Why do different -max_tokens during inference affect the prediction results?
I use the wav2vec2_small.pt for fine-tuning, when I decode the fine-tuned model, I find different --max_tokens during inference will produce different wer results, and setting it to the same size as during training will give the best results. May I ask why? Or is there something wrong with the parameters I set during reasoning?
What have you tried?
The --max-tokens token size used during training is 1600000. The WER of test of my dataset is 8.3 when --max-tokens 1600000, while it is 14.5 when --max-tokens 4000000
What's your environment?
- fairseq Version (e.g., 1.0 or main): main
- PyTorch Version (e.g., 1.8): 1.8
- OS (e.g., Linux): Linux
- How you installed fairseq (
pip, source): pip - Build command you used (if compiling from source): pip
- Python version: 3.7
- CUDA/cuDNN version: 11.1
Hi, have you found out what's wrong with this?
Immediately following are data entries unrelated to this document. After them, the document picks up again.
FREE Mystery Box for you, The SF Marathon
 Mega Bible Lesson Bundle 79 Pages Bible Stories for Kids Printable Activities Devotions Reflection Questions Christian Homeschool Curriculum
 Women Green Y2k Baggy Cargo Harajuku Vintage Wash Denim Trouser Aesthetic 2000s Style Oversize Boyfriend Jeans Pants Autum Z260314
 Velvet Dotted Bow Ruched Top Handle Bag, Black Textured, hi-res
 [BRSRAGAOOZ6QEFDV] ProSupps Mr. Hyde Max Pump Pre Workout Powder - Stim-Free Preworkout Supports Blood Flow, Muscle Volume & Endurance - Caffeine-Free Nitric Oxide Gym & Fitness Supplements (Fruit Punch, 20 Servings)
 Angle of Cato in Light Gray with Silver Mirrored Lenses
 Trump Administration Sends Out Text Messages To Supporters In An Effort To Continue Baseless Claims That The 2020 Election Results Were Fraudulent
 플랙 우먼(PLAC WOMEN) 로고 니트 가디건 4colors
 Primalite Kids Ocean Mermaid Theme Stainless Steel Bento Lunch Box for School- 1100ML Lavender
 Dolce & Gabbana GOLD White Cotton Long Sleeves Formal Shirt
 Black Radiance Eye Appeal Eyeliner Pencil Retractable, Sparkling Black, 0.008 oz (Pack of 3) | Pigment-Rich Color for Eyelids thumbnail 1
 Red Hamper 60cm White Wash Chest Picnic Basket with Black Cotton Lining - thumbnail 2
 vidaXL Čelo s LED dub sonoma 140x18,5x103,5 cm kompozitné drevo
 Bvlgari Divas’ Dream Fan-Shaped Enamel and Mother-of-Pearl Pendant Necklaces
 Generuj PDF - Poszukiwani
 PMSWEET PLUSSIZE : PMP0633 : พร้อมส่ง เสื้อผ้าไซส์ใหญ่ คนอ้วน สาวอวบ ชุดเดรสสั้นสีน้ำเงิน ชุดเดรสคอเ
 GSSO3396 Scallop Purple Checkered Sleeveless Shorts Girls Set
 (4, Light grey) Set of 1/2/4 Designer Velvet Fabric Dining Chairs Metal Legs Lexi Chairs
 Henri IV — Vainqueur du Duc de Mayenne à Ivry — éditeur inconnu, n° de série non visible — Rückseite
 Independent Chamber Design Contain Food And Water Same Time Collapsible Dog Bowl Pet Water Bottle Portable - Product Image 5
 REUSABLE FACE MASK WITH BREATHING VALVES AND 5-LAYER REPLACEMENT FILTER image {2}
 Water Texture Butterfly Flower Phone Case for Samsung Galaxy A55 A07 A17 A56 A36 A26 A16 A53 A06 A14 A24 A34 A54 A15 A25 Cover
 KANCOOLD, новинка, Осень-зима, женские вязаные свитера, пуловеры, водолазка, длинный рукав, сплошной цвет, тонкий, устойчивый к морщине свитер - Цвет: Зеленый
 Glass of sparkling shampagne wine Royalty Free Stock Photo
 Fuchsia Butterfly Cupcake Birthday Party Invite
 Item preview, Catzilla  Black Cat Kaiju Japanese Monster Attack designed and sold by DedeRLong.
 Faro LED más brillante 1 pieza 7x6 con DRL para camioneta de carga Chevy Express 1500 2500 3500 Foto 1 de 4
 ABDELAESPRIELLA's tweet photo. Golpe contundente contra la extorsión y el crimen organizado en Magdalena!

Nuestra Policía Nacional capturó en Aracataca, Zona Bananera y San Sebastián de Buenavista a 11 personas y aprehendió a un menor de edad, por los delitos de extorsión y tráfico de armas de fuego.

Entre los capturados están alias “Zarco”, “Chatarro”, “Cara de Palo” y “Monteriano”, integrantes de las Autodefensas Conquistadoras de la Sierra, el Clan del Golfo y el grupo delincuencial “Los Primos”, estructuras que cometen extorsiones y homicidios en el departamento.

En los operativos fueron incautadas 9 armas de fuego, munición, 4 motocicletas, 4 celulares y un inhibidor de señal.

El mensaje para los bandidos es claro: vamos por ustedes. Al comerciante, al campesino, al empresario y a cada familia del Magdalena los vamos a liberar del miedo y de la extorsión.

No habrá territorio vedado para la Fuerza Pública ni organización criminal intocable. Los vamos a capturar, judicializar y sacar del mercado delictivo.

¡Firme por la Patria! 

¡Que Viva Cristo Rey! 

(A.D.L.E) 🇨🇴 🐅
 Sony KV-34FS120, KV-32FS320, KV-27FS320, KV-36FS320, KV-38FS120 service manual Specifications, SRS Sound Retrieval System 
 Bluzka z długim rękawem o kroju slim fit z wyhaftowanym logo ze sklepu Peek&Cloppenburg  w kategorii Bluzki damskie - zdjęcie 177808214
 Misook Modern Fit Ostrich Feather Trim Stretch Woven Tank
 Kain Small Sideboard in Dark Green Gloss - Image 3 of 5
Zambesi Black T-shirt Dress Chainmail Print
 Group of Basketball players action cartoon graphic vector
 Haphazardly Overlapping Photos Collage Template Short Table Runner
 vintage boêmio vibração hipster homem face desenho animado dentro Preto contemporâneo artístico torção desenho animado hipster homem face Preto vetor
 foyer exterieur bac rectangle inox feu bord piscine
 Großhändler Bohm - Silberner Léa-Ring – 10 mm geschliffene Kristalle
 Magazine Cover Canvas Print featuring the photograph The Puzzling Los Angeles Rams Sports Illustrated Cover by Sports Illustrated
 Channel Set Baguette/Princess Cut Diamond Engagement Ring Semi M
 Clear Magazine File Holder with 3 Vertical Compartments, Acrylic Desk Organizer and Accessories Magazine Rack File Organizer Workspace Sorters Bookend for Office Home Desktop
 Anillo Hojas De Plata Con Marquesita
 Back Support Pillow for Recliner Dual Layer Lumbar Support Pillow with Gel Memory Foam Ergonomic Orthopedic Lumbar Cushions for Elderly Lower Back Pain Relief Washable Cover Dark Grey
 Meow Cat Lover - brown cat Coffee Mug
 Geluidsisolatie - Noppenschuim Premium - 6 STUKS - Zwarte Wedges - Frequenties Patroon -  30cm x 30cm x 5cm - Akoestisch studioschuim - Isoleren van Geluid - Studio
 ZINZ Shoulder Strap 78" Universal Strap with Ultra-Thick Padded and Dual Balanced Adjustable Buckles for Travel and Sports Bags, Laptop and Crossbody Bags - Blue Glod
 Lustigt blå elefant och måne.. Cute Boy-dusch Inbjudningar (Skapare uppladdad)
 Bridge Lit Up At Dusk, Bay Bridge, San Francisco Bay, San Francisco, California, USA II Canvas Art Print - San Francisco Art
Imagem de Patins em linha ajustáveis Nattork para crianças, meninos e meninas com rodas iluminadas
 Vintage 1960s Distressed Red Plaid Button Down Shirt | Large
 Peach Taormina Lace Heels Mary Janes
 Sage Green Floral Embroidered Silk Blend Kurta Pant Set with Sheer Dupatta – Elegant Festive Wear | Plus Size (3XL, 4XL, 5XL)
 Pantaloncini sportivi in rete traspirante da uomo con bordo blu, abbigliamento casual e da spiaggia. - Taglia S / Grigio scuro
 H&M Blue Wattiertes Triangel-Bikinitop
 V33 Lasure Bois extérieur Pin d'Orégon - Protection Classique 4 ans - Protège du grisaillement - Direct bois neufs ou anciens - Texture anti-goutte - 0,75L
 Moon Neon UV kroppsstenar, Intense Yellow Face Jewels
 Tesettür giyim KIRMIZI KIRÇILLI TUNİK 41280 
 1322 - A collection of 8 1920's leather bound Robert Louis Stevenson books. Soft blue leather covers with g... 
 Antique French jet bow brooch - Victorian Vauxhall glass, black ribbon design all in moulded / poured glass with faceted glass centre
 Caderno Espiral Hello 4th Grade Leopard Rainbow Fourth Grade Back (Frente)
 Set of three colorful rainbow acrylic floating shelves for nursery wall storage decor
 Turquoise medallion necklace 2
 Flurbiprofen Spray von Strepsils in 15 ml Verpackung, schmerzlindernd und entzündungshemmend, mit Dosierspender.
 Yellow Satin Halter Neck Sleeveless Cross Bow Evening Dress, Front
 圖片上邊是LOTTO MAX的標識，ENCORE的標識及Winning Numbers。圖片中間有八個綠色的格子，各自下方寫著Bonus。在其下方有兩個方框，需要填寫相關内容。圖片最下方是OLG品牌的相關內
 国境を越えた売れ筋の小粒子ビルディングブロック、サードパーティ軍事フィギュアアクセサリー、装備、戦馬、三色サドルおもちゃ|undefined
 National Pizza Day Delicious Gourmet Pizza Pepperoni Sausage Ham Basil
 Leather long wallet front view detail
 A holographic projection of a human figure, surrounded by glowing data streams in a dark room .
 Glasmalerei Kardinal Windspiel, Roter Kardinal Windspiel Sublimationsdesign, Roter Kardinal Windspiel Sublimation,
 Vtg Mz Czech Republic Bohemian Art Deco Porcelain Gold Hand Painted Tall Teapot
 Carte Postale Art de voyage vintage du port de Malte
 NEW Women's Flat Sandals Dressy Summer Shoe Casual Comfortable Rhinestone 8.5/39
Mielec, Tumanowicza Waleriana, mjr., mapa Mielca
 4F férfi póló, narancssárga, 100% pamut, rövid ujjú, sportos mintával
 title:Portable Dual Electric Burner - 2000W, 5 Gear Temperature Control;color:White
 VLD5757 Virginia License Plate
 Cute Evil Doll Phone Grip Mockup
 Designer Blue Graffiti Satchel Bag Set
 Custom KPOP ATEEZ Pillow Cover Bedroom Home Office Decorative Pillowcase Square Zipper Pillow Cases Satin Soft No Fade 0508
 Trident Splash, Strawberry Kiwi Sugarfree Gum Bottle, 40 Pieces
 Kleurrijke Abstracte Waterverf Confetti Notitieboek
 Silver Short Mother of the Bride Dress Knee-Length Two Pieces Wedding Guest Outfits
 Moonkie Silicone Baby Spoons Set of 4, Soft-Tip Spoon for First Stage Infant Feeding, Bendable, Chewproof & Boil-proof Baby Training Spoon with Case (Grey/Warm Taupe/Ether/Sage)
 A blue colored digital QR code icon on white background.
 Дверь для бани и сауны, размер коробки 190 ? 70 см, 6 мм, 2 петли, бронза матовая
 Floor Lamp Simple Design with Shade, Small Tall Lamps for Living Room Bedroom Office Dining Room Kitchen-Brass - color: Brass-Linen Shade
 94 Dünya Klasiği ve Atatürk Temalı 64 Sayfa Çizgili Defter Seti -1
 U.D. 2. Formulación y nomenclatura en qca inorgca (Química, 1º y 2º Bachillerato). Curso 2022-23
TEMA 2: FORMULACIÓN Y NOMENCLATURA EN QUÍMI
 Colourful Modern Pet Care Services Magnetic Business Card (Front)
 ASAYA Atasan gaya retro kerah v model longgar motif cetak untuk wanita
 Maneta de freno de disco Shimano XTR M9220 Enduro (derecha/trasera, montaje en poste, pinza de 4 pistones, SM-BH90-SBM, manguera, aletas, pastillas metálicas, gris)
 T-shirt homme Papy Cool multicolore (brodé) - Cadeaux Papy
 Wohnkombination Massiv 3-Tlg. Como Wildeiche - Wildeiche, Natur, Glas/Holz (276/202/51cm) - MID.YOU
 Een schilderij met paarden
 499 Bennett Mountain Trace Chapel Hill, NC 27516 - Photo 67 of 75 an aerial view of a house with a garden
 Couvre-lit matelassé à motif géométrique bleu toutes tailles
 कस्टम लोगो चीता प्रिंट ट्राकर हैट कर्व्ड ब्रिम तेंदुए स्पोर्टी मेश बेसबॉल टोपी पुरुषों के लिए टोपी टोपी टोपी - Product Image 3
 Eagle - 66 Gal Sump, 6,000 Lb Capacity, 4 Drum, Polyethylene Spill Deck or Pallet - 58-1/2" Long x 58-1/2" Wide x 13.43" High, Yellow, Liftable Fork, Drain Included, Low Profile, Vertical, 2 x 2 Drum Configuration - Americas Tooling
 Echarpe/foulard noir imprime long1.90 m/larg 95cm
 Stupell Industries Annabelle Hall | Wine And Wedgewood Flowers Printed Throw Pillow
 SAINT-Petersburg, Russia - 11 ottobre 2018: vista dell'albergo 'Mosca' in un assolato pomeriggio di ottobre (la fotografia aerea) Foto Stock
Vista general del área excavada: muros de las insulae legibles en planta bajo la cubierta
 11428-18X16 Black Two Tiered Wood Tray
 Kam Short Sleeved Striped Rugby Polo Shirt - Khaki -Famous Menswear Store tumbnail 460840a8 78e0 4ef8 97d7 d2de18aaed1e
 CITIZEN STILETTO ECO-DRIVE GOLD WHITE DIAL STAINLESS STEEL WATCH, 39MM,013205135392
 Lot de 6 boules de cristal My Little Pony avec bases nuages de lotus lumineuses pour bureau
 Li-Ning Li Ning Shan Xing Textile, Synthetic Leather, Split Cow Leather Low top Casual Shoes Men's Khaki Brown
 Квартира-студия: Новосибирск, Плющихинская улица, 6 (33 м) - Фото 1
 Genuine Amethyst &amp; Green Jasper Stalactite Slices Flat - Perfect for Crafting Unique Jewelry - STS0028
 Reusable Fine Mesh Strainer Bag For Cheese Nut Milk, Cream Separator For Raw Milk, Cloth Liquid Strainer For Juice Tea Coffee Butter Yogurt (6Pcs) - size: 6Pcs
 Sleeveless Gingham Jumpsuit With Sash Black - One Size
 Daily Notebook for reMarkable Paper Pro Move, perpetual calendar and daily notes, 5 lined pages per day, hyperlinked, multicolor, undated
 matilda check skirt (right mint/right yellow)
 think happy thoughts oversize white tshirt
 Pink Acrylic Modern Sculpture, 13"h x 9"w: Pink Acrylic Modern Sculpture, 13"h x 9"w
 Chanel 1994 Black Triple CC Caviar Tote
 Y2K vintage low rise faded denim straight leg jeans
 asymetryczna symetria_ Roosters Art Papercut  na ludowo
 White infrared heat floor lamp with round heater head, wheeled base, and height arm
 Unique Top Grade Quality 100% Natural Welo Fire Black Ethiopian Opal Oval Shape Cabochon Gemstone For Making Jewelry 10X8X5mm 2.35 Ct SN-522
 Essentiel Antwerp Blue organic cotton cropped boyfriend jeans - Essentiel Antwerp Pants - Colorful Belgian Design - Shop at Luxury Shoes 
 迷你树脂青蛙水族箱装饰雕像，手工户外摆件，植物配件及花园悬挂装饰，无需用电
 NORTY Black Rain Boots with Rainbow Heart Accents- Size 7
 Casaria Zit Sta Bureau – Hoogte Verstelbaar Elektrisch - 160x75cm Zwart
I think, the document says that param "--max-tokens" represents max tokens per batch, suppose batch size is 64 and num of average tokens per sample is 100. If "--max-tokens" set to 4096, however 64 * 100 = 6400, does it mean that the part over 4096 will be abandoned? In another word, such incomplete batch leading to a worse performence.
Have you found the reason?